Posted by: dave s at January 31, 2005 09:27 AM

Hmm. Names are tricky and I say that as a girl who has had her cross to bear with a name that conjures up Barbie's horse and a certain porno film...anyhoo, how about a first name "Battle"? My husband has nixed it, but I think it is powerful, people don't wonder how to spell it, and nobody will forget it. You can shorten it to "Bat" as a child. Battle Walker B... he could be a Supreme Court Justice or a starting lineman for an NFL team. He could be an attorney, or a General. Not to mention all the cool nickname possibilities...like "Batman"!


Posted by: Phoenix at January 31, 2005 11:21 AM

Pelham? Gresham? Or is that the other Llamabutcher?

As Babs says, Timothy. Good solid name, religious meaning (lover of christ...agape, not eros)can be shortened to Tim, can be used now before a Tim (coff, coff) becomes stunningly famous....yes, just what you need, a child named from your blogroll.
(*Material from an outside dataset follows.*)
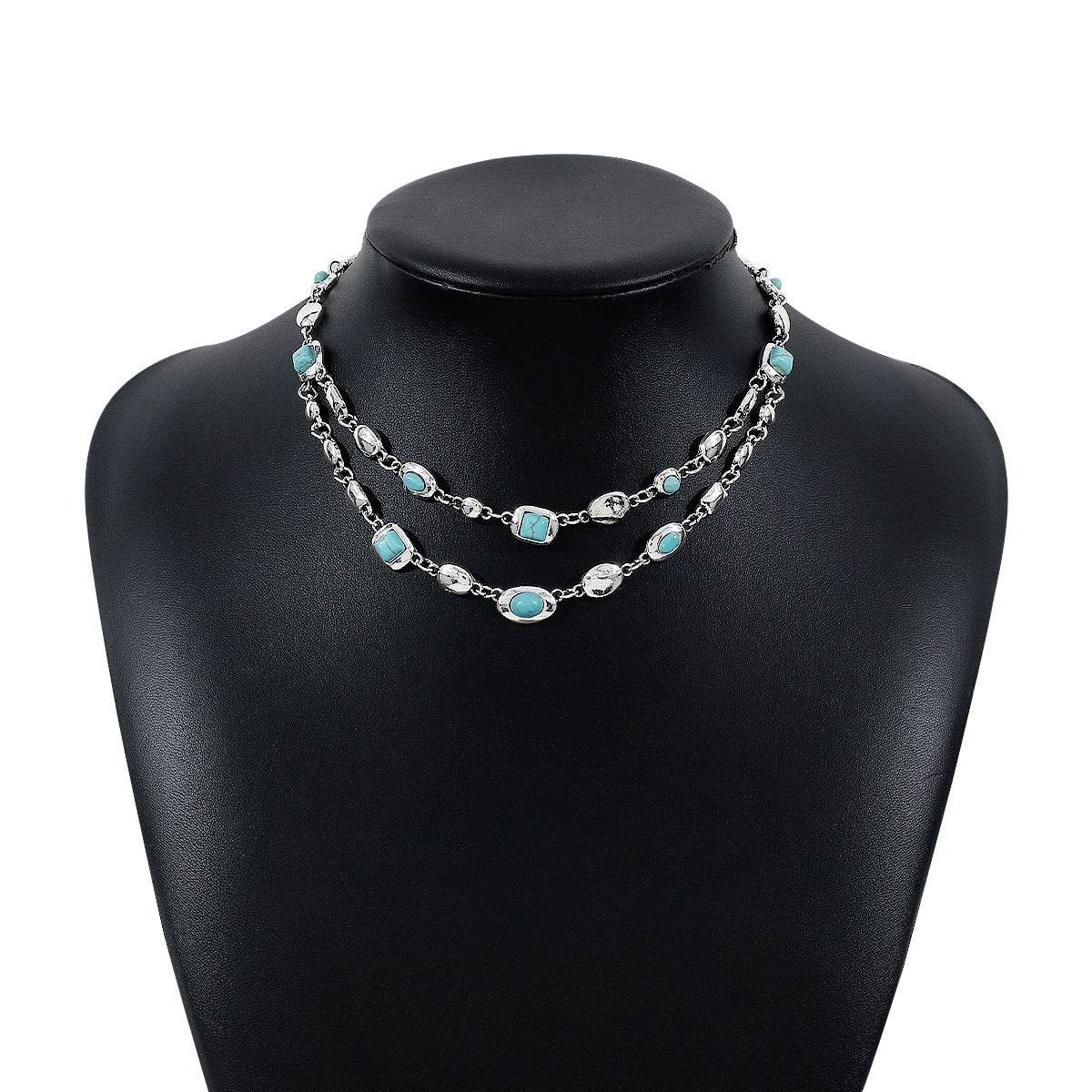 Ethnic Style Diamond Double-layer Necklace - Velora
Posted by: Tim Worstall at February 1, 2005 07:21 AM

Grenville, not Gresham. Wrong novelist.

Posted by: Tim Worstall at February 1, 2005 07:21 AM

In the "heroes of the Republic" list, what - no Tecumseh Sherman?

Posted by: Alex at February 1, 2005 10:28 AM

Why does it need to be Calvin or Hobbes, it could be Calvin Hobbes Llamabutcher.

I'm always partial to Michael. There's something about being named for somebody who cast Satan into hell that just get's you off to a good start I think.

Carlton doesn't need to be followed by Fisk. How about "Carlton James". You get Fisk and Rice. Not a bad combination. You even get "Carl" for Yaz by default.